Na Warszawskiej jak w Wilanowie. Plac zabaw najszybciej w czynie społecznym

Podobna co na Warszawskiej nawierzchnia funkcjonuje w parku Roth. Kiedy powstawała, wiceprezydent Wojciech Krzyżek mówił o wzorcach wiedeńskich. Teraz, kiedy zapytaliśmy go o komentarz do skarg mieszkańców na pył unoszący się ze ścieżek przy Warszawskiej, wspomina o analogiach do Wilanowa. Nie można tu co prawda jeździć na rolkach, na co skarżyła się na sesji radna Zuzanna Tomaszewska, ale lepiej dzięki temu mają rosnące tu drzewa. Łatwiej dotrze do nich deszczówka. Mieszkańcy wskazują także, że są nowe ścieżki, ale ławki pozostawiono oddalone od nich. - Sprawdzimy i przestawimy - zapewnia prezydent.

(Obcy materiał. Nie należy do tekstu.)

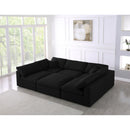  Manufacturer Color_Black -- Serene 119" Black Linen Textured Fabric Upholstered Deluxe Comfort 6 pc Modular Sectional IMAGE 2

Radna Anna Ronin wskazuje, że przydałby się tu plac zabaw. Jest siłownia pod chmurką, urządzenia do street workout, ale dla dzieci nic, bo stare urządzenia zabawowe są zdewastowane. W odpowiedzi na interpelację prezydent informuje, że w 2015 r. na nowy plac zabaw nie ma pieniędzy, a w 2016 r. taki mógłby powstać, ale w ramach inicjatywy lokalnej. A to oznacza, że wzorem ul. Pomnikowej do roboty powinni się również wziąć mieszkańcy. Na Pomnikowej ratusz dał materiały, ludzie zaś w czynie społecznym pracowali przy organizacji placu zabaw.